What FERC's Order Against American Efficient Means for Energy Buyers
Capacity markets don’t always make headlines, but when they do it usually matters for anyone with an electricity bill. Earlier this month, the Federal Energy Regulatory Commission (FERC) ordered American Efficient to pay $1.1 billion over what it describes as a decade-long "money-for-nothing" scheme in PJM and other regional capacity markets. For commercial energy buyers, the headline number is eye-catching. The mechanics behind it are more important.
Big Picture
FERC's order alleges that American Efficient sold tens of gigawatts of capacity into U.S. wholesale markets over roughly ten years; capacity it did not actually control or guarantee would perform when called. Regulators say the resulting cost to consumers ran into the hundreds of millions of dollars.
This is significant for two reasons:
- Capacity markets exist specifically to ensure there is enough firm supply available during peak demand.
- The alleged scheme did not show up as a typical fraud, but was buried inside the math used to estimate efficiency-driven demand reduction.

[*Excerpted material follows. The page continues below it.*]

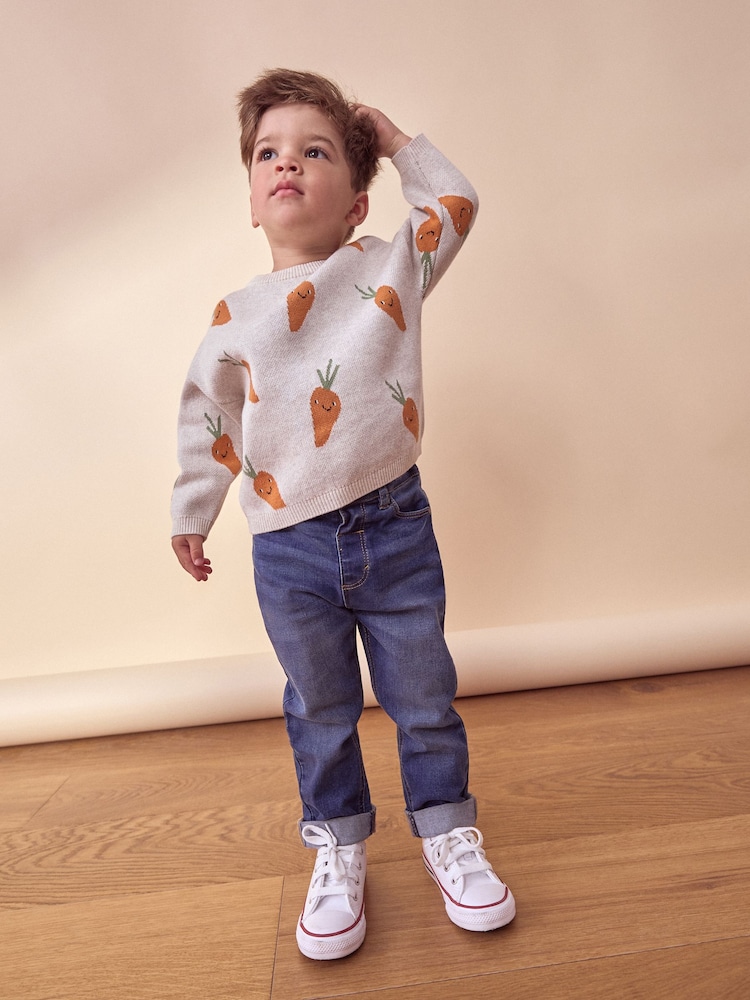 Neutral Carrot Character Knitted Crew Neck 100% Cotton Jumper (3mths-7yrs) - Image 2 of 7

How the Alleged Scheme Worked
To understand the order, it helps to understand what capacity actually is. In markets like PJM, electricity is not just bought as energy delivered in real time. Suppliers also get paid in advance to ensure a certain amount of generation or load reduction will be available during the most stressed hours of the year. That commitment is called capacity.

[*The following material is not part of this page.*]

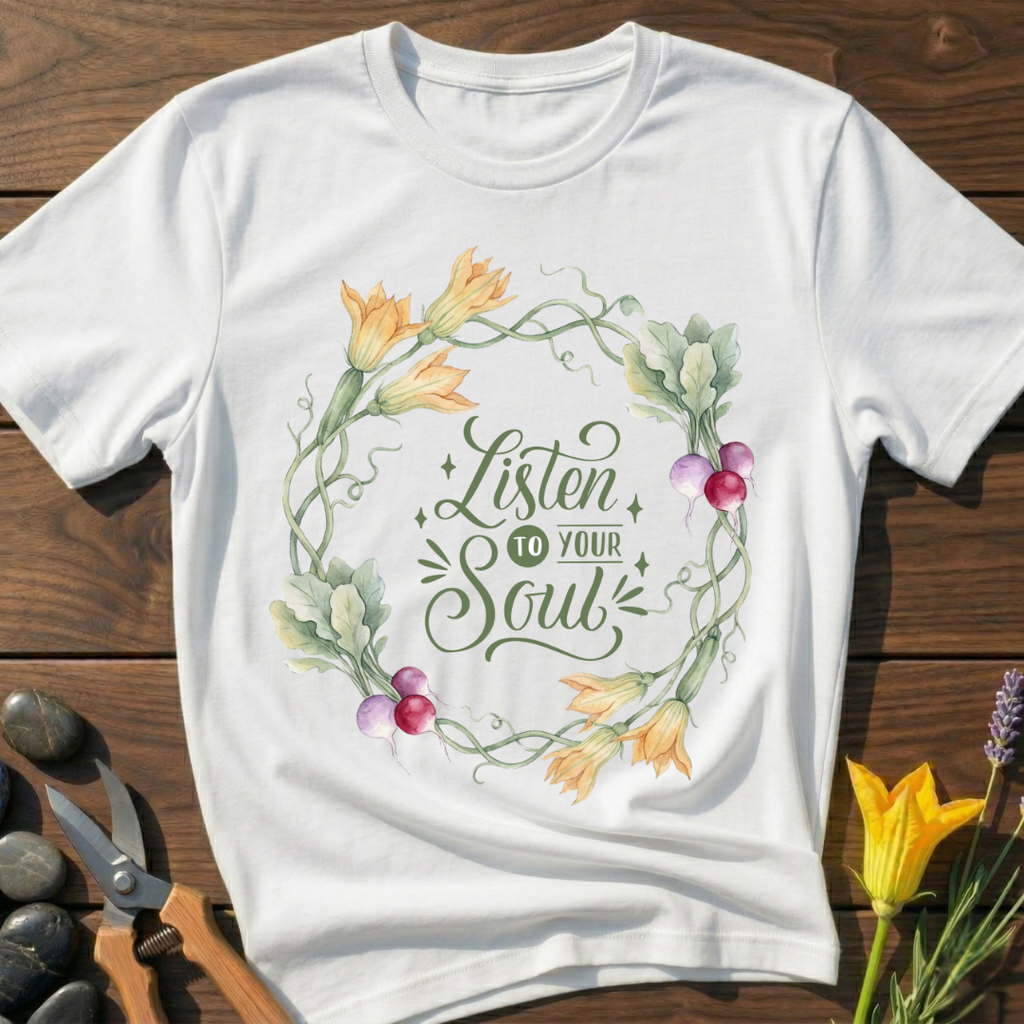Listen To Your Soul T-Shirt - botanical nature graphic t-shirt, minimalist design, unisex tee for Nature Lovers, Garnder, Farmer, Plant Lovers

According to FERC, American Efficient took retail data on energy-efficient appliance sales, including dishwashers, HVAC equipment, lighting and similar products, and estimated how much electricity those products would save versus less-efficient alternatives. Then, they packaged those estimates as demand response capacity, and sold them into wholesale markets.
The issue: a refrigerator sold at a big-box store does not actually respond to a grid operator's call to curtail. The savings, if they exist, are passive and impossible to dispatch on demand. Regulators allege that these offerings cleared PJM's capacity auctions as if they were dispatchable, on-call resources, but behind them sat statistical estimates of past appliance sales, not anything a grid operator could actually call on during a peak event. They were effectively paper.
Why It Matters for Buyers
In a capacity market, the clearing price is set by the intersection of how much supply is offered versus how much the grid operator needs. Add cheap "paper" megawatts to the supply stack and clearing prices fall. Pull them out and the supply curve shifts left, leaving real generators and verified demand response to set the price instead, and they tend to bid higher.
Two things follow:
- If FERC's allegations hold, some past capacity auctions may have cleared at artificially suppressed prices, with the cost of any underperformance during stressed hours absorbed elsewhere in the system.

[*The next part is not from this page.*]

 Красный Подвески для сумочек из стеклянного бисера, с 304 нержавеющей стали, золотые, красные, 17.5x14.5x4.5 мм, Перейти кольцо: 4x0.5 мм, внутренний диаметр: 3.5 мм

- Removing this category of supply going forward should leave the market priced more accurately, on real, verifiable reliability rather than statistical estimates.
For commercial buyers, this does not translate to an immediate, predictable change in electricity rates. Capacity costs are only one input into a final delivered price, and PJM has already been working through a separate set of capacity market reforms aimed at tightening performance requirements. The American Efficient order is consistent with that direction: more scrutiny and tighter standards for what counts as supply.
Bottom Line
Headlines about billion-dollar enforcement actions can sound alarming, but the underlying story here is one of market correction. Capacity markets are doing exactly what they were built to do when bad actors are removed: re-pricing supply against real, deliverable reliability.
For commercial energy buyers, the takeaway is not to react to a single news cycle; it is to make sure your procurement strategy is built on the same principle regulators are enforcing: real data and disciplined decisions. Markets reward buyers who can separate signal from noise, and events like this are a reminder of why that discipline matters.